My last day on the job I was at Moderne Books in Boston's Combat Zone, showing a new line of butt-pluggers to Frank, the sweaty manager. A young couple came in—a couple so attractive and well scrubbed that they could have stepped out of a soap commercial. He was slim and handsome, with glossy chestnut hair. She was a redhead with the face of a starlet. They were dressed like hicks—he wore an army jacket, she had on a cheap plaid coat—but they still looked great. I moved aside to let them approach the counter. Did they need directions? Certainly they had not come here to buy something. I had never once seen anyone fresh and young and beautiful in a porn shop.
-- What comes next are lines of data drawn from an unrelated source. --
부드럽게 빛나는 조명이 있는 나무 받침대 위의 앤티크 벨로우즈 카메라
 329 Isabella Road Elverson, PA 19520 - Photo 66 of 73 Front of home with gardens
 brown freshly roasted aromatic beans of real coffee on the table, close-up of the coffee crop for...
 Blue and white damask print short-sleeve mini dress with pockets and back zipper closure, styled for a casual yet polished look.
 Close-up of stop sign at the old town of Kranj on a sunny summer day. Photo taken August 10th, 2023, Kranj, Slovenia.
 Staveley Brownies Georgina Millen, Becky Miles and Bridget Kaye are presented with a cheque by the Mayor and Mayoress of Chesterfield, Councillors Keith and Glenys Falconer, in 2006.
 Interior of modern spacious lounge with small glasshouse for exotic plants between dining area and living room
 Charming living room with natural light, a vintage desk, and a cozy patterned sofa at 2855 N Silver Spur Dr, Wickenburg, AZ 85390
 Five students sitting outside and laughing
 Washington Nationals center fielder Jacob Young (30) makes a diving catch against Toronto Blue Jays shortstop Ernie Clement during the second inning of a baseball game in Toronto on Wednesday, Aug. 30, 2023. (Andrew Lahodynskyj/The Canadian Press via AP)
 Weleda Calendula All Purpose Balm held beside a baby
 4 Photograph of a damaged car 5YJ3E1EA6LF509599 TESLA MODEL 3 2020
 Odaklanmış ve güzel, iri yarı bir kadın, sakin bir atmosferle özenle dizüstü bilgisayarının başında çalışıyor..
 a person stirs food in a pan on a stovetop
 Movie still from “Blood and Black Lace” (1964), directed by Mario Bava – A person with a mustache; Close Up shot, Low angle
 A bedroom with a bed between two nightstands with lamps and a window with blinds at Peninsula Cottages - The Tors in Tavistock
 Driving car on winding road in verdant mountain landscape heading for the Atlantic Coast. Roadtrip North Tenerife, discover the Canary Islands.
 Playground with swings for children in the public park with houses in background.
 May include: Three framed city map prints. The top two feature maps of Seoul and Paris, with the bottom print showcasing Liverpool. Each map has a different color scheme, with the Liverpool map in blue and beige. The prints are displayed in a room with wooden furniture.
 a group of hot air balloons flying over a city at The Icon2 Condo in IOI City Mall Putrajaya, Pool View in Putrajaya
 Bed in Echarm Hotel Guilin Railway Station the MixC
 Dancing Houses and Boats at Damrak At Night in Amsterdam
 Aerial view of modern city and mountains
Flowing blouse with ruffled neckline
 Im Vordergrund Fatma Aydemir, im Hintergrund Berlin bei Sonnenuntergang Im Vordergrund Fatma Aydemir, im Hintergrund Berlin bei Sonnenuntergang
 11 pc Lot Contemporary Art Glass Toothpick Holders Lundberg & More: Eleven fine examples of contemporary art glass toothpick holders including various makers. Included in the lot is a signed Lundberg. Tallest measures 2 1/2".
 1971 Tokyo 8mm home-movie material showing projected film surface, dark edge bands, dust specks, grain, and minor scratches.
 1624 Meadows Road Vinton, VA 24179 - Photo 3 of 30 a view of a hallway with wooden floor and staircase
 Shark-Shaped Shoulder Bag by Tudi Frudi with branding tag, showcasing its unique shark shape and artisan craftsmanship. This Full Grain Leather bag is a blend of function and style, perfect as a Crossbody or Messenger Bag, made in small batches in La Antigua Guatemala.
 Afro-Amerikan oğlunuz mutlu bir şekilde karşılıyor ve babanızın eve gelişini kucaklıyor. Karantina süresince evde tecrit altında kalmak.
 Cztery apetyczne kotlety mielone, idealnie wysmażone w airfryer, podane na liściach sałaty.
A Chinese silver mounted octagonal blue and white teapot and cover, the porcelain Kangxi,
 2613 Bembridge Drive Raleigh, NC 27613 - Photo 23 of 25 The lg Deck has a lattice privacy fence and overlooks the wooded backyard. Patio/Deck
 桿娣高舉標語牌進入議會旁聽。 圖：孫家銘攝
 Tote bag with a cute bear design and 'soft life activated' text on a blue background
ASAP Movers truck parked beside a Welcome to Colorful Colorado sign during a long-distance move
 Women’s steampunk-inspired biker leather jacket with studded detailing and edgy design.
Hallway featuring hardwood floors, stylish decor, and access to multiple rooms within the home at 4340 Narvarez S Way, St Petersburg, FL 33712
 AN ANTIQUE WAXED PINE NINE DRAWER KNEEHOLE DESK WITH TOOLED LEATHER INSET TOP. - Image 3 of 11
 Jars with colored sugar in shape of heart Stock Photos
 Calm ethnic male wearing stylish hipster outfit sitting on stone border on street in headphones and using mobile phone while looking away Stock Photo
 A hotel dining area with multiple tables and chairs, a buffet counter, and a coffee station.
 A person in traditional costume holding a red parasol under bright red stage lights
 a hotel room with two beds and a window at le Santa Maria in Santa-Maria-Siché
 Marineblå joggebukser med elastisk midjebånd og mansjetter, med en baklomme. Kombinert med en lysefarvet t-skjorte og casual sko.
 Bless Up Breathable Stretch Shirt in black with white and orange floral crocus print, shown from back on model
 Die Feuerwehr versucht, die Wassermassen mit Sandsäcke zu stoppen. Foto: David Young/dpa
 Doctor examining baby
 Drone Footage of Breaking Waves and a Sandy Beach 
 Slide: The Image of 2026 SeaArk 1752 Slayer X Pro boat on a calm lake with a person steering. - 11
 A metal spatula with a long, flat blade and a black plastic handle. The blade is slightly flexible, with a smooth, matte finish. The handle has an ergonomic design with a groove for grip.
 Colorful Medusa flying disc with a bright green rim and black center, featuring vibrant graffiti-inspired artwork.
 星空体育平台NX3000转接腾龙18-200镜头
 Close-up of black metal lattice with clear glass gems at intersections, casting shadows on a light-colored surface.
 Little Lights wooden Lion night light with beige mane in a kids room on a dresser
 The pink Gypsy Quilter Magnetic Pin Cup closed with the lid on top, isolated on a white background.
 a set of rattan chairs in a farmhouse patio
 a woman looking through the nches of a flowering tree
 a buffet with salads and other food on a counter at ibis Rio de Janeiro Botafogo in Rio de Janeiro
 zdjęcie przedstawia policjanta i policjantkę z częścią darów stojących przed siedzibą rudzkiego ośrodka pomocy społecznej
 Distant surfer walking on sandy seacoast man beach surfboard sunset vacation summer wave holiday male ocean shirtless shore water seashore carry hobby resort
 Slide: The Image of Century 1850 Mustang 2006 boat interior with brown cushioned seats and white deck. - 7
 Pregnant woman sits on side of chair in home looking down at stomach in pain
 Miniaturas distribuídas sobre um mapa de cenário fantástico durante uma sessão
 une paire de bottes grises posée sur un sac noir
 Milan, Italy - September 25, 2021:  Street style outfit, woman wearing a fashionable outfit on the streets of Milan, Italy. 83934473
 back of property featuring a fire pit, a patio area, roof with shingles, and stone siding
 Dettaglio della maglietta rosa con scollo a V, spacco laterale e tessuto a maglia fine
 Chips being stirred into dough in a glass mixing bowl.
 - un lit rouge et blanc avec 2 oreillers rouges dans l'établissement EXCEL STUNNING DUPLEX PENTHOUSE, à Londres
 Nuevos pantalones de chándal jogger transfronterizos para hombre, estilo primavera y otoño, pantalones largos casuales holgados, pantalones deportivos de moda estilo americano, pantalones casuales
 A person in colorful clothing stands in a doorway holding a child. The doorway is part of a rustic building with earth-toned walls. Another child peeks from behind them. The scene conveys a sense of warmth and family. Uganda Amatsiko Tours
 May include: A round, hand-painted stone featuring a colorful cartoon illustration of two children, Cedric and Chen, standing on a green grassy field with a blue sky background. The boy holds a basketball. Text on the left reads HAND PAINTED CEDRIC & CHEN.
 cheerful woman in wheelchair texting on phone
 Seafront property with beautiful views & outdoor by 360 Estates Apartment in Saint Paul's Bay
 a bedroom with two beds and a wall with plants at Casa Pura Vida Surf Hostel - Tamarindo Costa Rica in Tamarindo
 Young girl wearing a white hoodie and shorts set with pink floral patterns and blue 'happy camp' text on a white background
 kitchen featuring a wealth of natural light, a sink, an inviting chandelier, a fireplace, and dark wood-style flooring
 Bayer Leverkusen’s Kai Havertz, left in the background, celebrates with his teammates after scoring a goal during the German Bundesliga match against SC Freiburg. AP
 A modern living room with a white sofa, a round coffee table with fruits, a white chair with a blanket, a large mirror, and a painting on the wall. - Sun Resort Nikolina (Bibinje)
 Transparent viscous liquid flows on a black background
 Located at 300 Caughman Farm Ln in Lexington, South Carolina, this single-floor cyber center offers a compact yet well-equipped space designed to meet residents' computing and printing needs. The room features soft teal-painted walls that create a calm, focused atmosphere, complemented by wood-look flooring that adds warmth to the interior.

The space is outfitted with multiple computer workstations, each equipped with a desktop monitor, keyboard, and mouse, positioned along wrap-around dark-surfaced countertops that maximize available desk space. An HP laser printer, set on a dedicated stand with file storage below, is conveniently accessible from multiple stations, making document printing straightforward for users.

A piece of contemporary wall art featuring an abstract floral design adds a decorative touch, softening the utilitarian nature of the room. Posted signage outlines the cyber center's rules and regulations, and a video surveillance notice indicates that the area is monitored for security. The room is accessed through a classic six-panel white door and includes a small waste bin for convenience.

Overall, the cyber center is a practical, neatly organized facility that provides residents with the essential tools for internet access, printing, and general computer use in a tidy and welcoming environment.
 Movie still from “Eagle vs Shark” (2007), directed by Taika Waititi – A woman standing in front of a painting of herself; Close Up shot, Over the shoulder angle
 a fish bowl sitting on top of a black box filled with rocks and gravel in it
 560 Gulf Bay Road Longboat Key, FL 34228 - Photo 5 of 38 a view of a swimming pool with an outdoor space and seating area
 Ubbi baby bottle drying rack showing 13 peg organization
"Can I help you?" asked Frank.
"We're down from New Hampshire on our honeymoon," said the young man. At this utterance the bride took his arm and crushed herself to him, smiling filthily.
"Been here three days," the man continued, "and we still can't find this sex game a buddy told me about."
Frank ran a hand through his greasy hair and stifled a belch. "You mean a table game? We got one called Fetish Monopoly. Is that it?"
"No," said the young man. "It's called Fucky-Fucky, Sucky-Sucky."
Frank's eyebrows leaped up. "Hey, that sounds like a good one! I wish we did have it, but honestly I've never even heard of it." He turned to me. "You guys carry anything like that?"
I shrugged. "Sorry. We specialize in creams and apparatus." You swine, I almost added. But who was I kidding. I was holding myself above a dirty-book store manager and a young couple in rut when I had in my hand a sample case that would have delighted a Parisian pimp. It was time to get out of the business.
That night I wrote an eloquent letter of resignation, a wasted effort, of course, but I was young and infatuated with style. In the morning I drove to the office and gave the letter to Jack Tanner. He read it while standing next to the hissing coffee machine. I think he stopped after the first sentence—"I can no longer toil as a purveyor of filth, and so resign from this foul endeavor, effective immediately"—and skimmed the rest, two long paragraphs of snooty moralizing. "Leave your samples," he said, dropping the letter on the table. In the outer office I gave my sample case to our secretary, who received it indifferently.
As a memento I kept a set of ben-wa balls I had earlier pilfered from the supply cabinet. Years later I offered them to my first wife as a jokey birthday present, and she threw them away in disgust.